A mãe pode em muitos casos ficar violenta com a criança, porém é necessário entender que se trata de um quadro psicótico onde ela não compreende bem a realidade. Isso mostra a gravidade da depressão pós-parto. Em situações como essa é preciso internar a paciente, pois ela pode querer agredir a criança e, no pior dos casos, matar. Muitas vezes, isso acontece porque ela acredita que terceiros querem fazer isso. Falta racionalidade.
Estando ou não com o problema, como explicar quando uma mãe mata o filho? É possível que ela não ame sua criança?
Há certa idealização de amor da sociedade e a mãe é um protótipo disso. No caso da depressão pós-parto não é que a mãe não ame o filho, é que ela está perturbada emocionalmente. A manifestação dela será agressiva, mas não significa que falta sentimento. Algumas mães que têm o problema já procuraram ajuda por terem um sentimento de culpa muito grande. Ela entende que a criança é parte do seu corpo e a ataca por um desejo de atacar a si mesma.
É muito perigosa essa leitura de que a mãe não ama. Na depressão pós-parto, ela não responde por si. Já na sociedade como um todo existem mães negligenciadoras, narcisistas e que não entendem a esfera do cuidado. Acaba que essa função é desviada aos avós ou outras pessoas, porque é necessário muita dedicação para criá-lo. É preciso uma entrega da pessoa a condição ao qual ela própria criou.
Mas, afinal o que é a depressão pós-parto?
É um estado depressivo associado a gravidez. Há um aumento de hormônios para manter a gestação e, se a mulher não tiver uma produção elevada, acaba perdendo o feto. Após o nascimento, esse ciclo de produção acaba e, com isso, a pessoa tem uma alteração rápida hormonal, o que pode torná-la suscetível ao problema, principalmente aquelas que já são, geneticamente, vulneráveis a quadros depressivos.
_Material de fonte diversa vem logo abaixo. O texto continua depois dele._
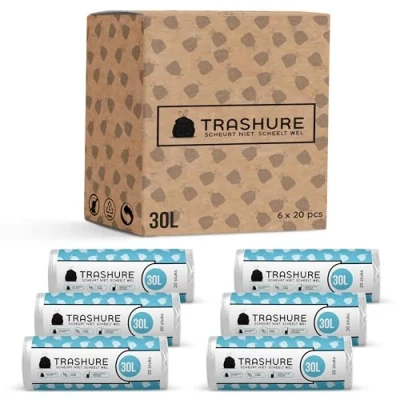 Afbeelding van Trashure Vuilniszakken 30 L Code O Geschikt voor Brabantia prullenbak 6 rollen x 20 stuks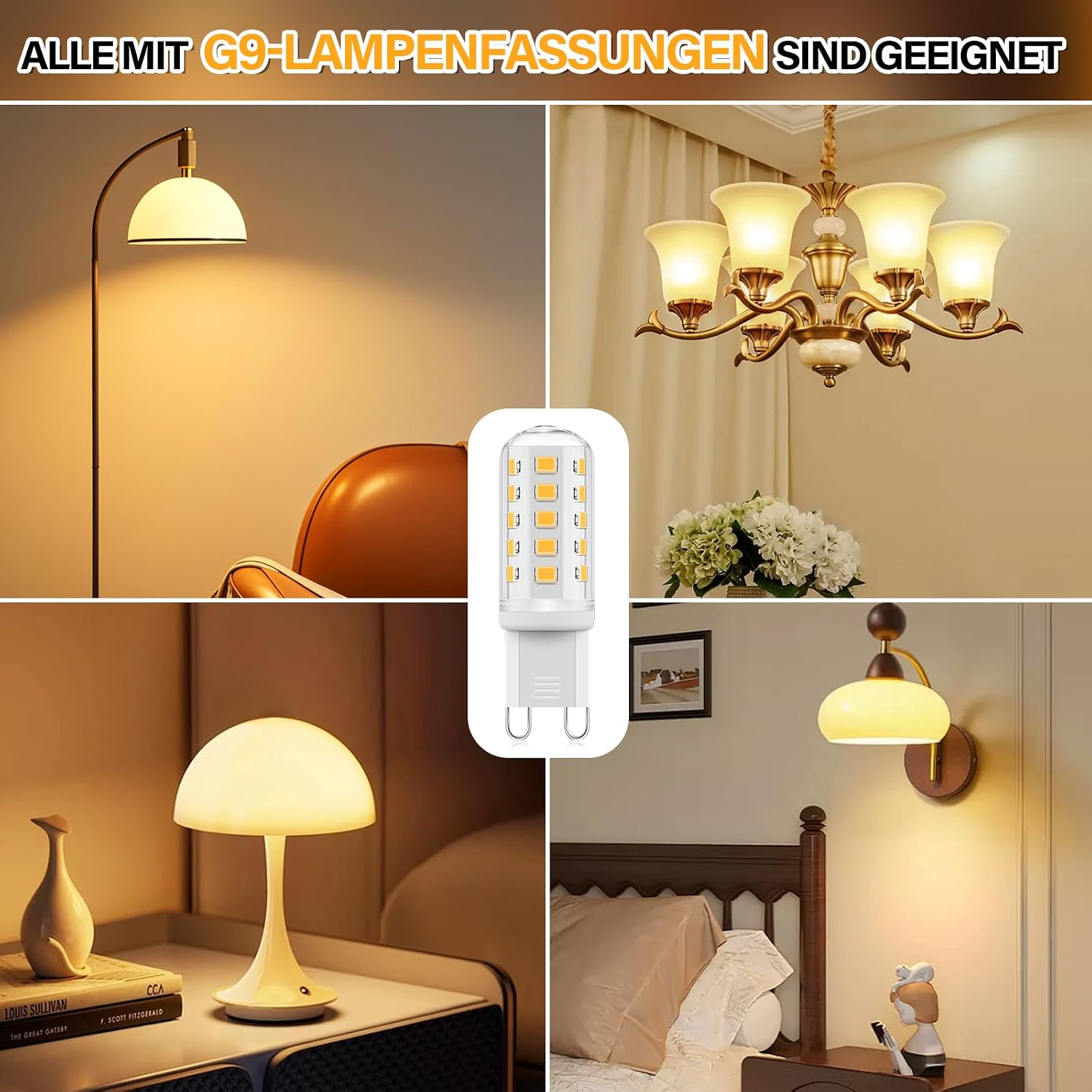 Vier Lampen: Stehlampe, Kronleuchter, Nachttischlampe, Wandleuchte und eine G9-LED.
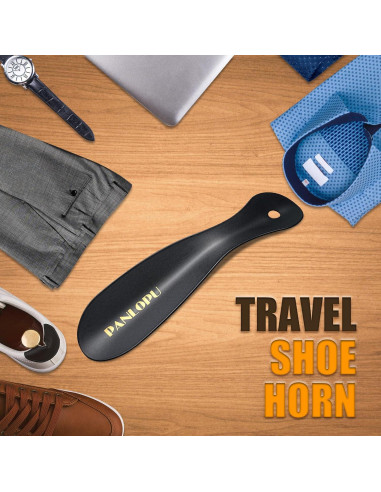 Cuerno de zapato de metal PANLOPU 19 cm ergonómico negro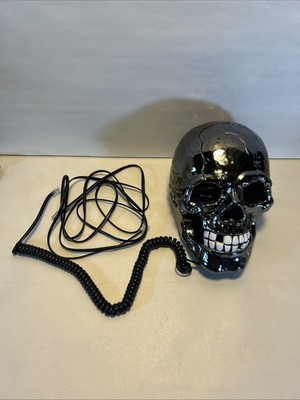 Novelty Telephones Skull Phone Corded Telephone Black Redial Flash
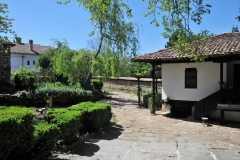 Looking from the church entrance to the gardens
O que pode causar esse quadro?
A questão da mãe viver situações estressantes durante a gestação e também quando a mulher não vive em um ambiente familiar protetor. Alguns antropólogos apontam para o fato de que, hoje, muitas mães ficam desamparadas. Na história, sempre houve quem cuidasse da mulher, era um ciclo, um resguardo e todo um preparo antes do nascimento da criança. Isso facilitava essa adaptação à nova realidade, mas, com o passar do tempo, esse ritual foi deixando de acontecer. Isso acaba expondo a mulher a depressão.
A depressão pode ser voltada a apenas um filho? Ou a mãe será acometida em todas as gestações?
Uma mãe com depressão pós-parto e que vive em um ambiente agressivo e sem suporte social provavelmente continuará na mesma situação se engravidar de novo. As chances vão aumentar de uma gravidez a outra.
Como tratar o problema?
Frequentemente com uma internação e medicações para melhorar o quadro. Associado a isso, às vezes, algumas medicações antipsicóticas. É diferente de uma depressão comum na qual é indicado antidepressivo e remédios para acalmar. Nesse caso o tratamento é feito com um antipsicótico, medicações usadas em problemas como esquizofrenia a fim de que a pessoa volte a realidade. Essas ações são feitas para a proteção do bebê e da própria mãe.
Que consequências a depressão pós-parto pode gerar consequências na relação mãe e filho?
Apesar de o bebê não ter percepções claras do que está acontecendo, acredita-se que o sofrimento, negatividade e rejeição da mãe são absorvidos de alguma forma por ele. No futuro isso pode gerar um quadro de depressão na criança, além de problemas emocionais em geral. Por isso é importante que o diagnóstico e tratamento sejam feitos de maneira rápida, a fim de que o período sintomático seja o menor possível.
Alerta
“Os sintomas psiquiátricos são na esfera do comportamento e a sociedade tende a analisá-los como preguiça e coisas do gênero. O discurso de que uma mãe, acometida com a depressão pós-parto, ‘precisa de um tanque de roupa para lavar’ precisa acabar. Boa parte da população ainda vai sofrer algum quadro psiquiátrico”.